For Realm, the children are modelled as a list of links (or an array of references). With managed objects, we can simply append (in JavaScript, Array#push() appends a new object to an array and Realm tries to be as idiomatic as possible) references to the children property. The managed objects for the parents are found in the database by a look up by primary key (Realm#objectForPrimaryKey()). Realm will automatically update the links in the opposite direction i.e., the parents property does not need to be handled by the application.

realm.write(() => {
// Alice and Bob
const alice = realm.objectForPrimaryKey(Parent.name, "Alice");
const bob = realm.objectForPrimaryKey(Parent.name, "Bob");

const alma = realm.create(Child.name, { name: "Alma", age: 14 });
const bill = realm.create(Child.name, { name: "Bill", age: 12 });
[alma, bill].forEach(c => {
alice.children.push(c);
bob.children.push(c);
});

// Charlie and Dorothy
const charlie = realm.objectForPrimaryKey(Parent.name, "Charlie");
const dorothy = realm.objectForPrimaryKey(Parent.name, "Dorothy");

const charlotte = realm.create(Child.name, { name: "Charlotte", age: 5 });
const dillon = realm.create(Child.name, { name: "Dillon", age: 8 });
const chuck = realm.create(Child.name, { name: "Chuck", age: 11 });
[charlotte, dillon, chuck].forEach(c => {
charlie.children.push(c);
dorothy.children.push(c);
});
});

Splitting up

In the history of our two families, Alice and Bob decided to split up and divorce. For both SQL and Realm, this means that the marriedTo column/property has to be updated.

BEGIN TRANSACTION;

UPDATE Parent SET marriedTo = NULL WHERE name = "Alice";
UPDATE Parent SET marriedTo = NULL WHERE name = "Bob";

COMMIT TRANSACTION;

For Realm, we first find the object, and then update it.

realm.write(() => {
const alice = realm.objectForPrimaryKey(Parent.name, "Alice");
const bob = realm.objectForPrimaryKey(Parent.name, "Bob");

alice.marriedTo = null;
bob.marriedTo = null;
});

Meeting a new partner

Eventually, Alice will meet a new partner, Eric, and get married.

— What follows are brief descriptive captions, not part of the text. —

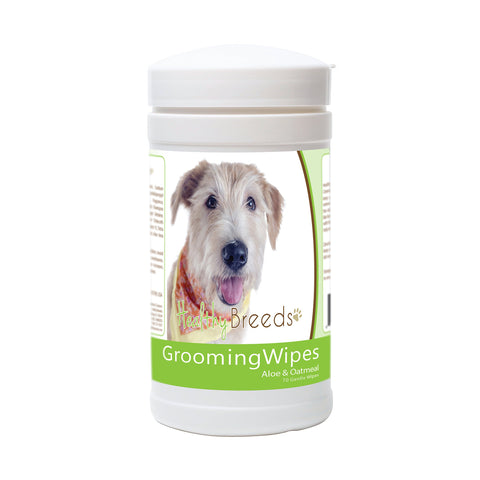 Healthy Breeds Glen of Imaal Terrier Grooming Wipes 70 Count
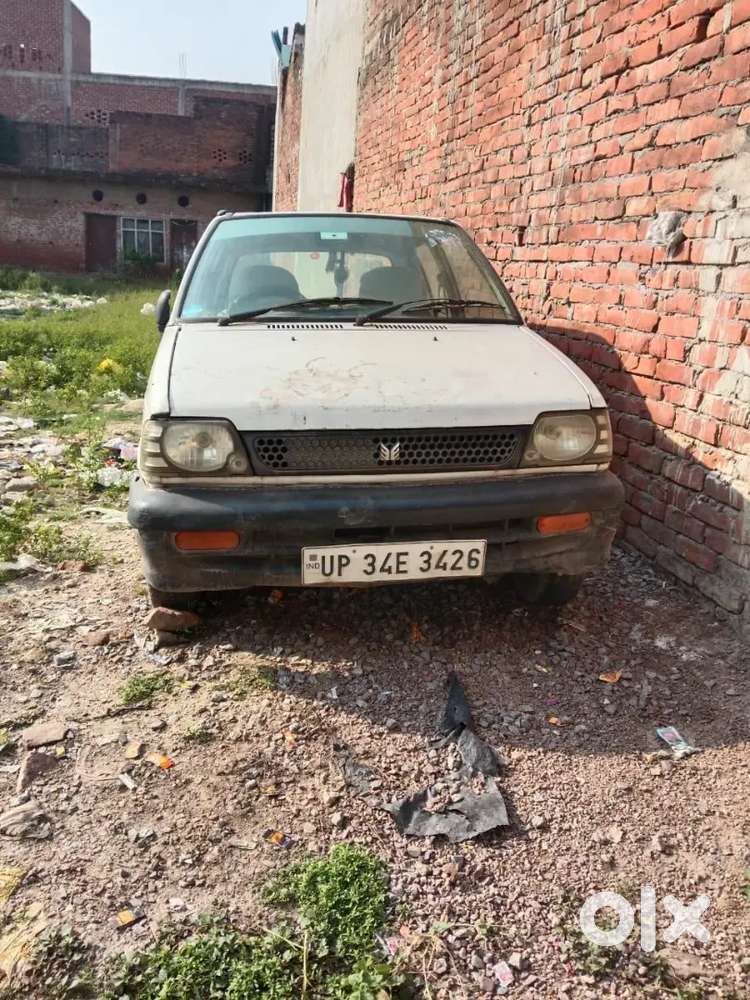 Maruti Suzuki Alto 800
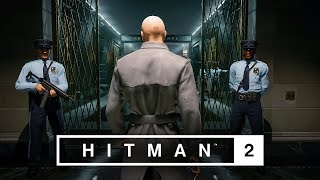 HITMAN™ 2 Master Difficulty - The Bank Heist, New York (Silent Assassin Suit Only)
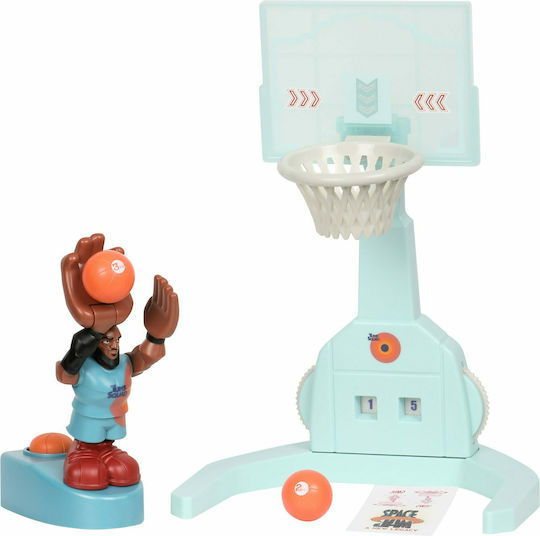 Giochi Preziosi Set De Joacă Pinball De Masă Space Jam Dunks Pentru 12+ Ani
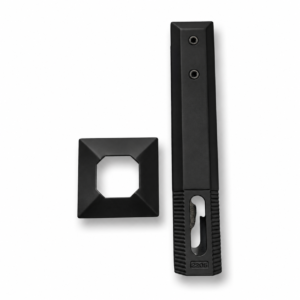 Stainless Steel Square Core Drill Spigot (Non Conductive)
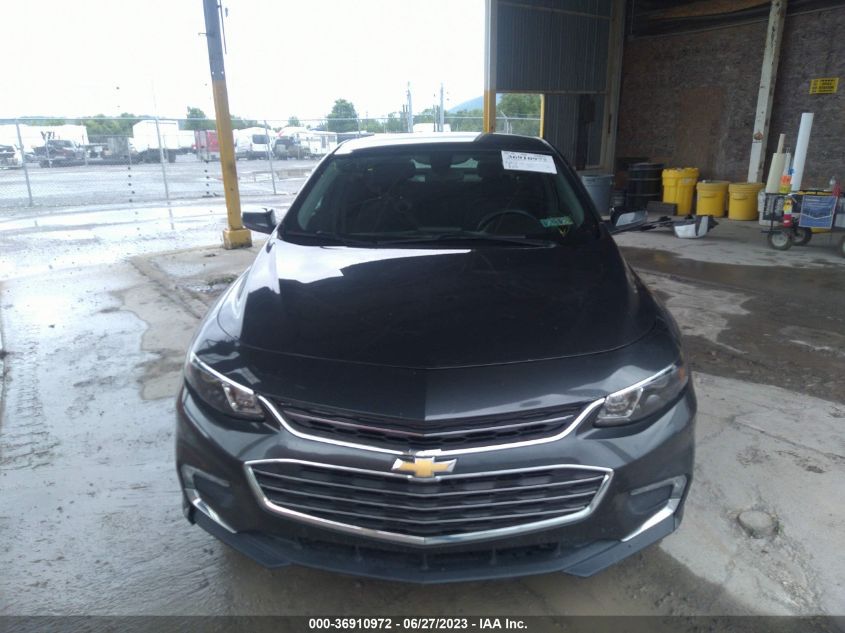 2016 CHEVROLET MALIBU LT - 1G1ZE5ST3GF278419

At the same time, Alice moves to Eric’s hometown. Moreover, together they have a child. In SQL, the marriage and the move can be done in a single operation, UPDATE.

BEGIN TRANSACTION;

INSERT INTO Parent (name, city, marriedTo) VALUES ("Eric", "Oslo", "Alice");
UPDATE Parent SET city = "Oslo", marriedTo = "Eric" WHERE name = "Alice";

INSERT INTO Child (name, age) VALUES ("Ellen", 1);
INSERT INTO Parent_Child (parent_name, child_name) VALUES ("Alice", "Ellen");
INSERT INTO Parent_Child (parent_name, child_name) VALUES ("Eric", "Ellen");

COMMIT TRANSACTION;

Alice’s move requires two updates in Realm, but otherwise it is not much different from SQL.

realm.write(() => {
const alice = realm.objectForPrimaryKey(Parent.name, "Alice");

const eric = realm.create(Parent.name, { name: "Eric", city: "Oslo", marriedTo: alice });
alice.marriedTo = eric;
alice.city = "Oslo";

const ellen = realm.create(Child.name, { name: "Ellen", age: 1 });
alice.children.push(ellen);
eric.children.push(ellen);
});

As time goes by

In our data model we track the age of the children. As time goes by, we need to update it. Adding 15 years to the age is simple in SQL.

BEGIN TRANSACTION;

UPDATE Child SET age = age + 15;

COMMIT TRANSACTION;

With Realm, we will query the database for all Child objects, and iterate through them. Fortunately, Realm is lazy-loaded so we will only load the objects we access (in this case we access them all).

realm.write(() => {
realm.objects(Child.name).forEach(c => c.age += 15 );
});

We don’t live forever

In our data model, death is modeled by deleting rows or objects. In our family history, a sad moment is when Alice dies. In SQL, our model does not guarantee integrity of the database, and we need to update Eric is no longer married.

BEGIN TRANSACTION;

DELETE FROM Parent WHERE name = "Alice";
UPDATE Parent SET marriedTo = NULL WHERE marriedTo = "Alice";
DELETE FROM Parent_Child WHERE parent_name = "Alice"; /* enforce foreign key constraints is off by default */

COMMIT TRANSACTION;

Deleting an object in Realm will lead to an update of links where the object is associated with. The implication is that we only have to delete the object representing Alice, and the marriedTo property of the object representing Eric will be set to null.

realm.write(() => {
realm.delete(realm.objectForPrimaryKey(Parent.name, "Alice"));
});

Children with one parent

To end our story, we would like to know who has only one living parent. It turns out that it is complicated to query SQL. Our way is to combine a subselect and a join to find the three children (Alma, Bill, and Ellen).

SELECT Child.name, age
FROM Child
JOIN Parent_Child
ON Child.name = child_name
WHERE parent_name IN
(SELECT parent_name
FROM Parent_Child
GROUP BY child_name
HAVING COUNT(parent_name) = 1);

On the other hand, Realm can directly query it using the linkingObjects property in the data model.

realm.objects(Child.name)
.filtered("parents.@count = 1");
.forEach(c => console.log(`${c.name} (${c.age})`));

Conclusion

All databases have advantages and disadvantages. SQL’s major advantage is that it is governed by an ISO standard, and you can leverage your knowledge from one application to the next. If you have used Microsoft SQL Server, you can apply many of the same tricks to your mobile app’s SQLite database. What makes SQL hard to work with is that you need to normalize your database in order to take full advantage of it.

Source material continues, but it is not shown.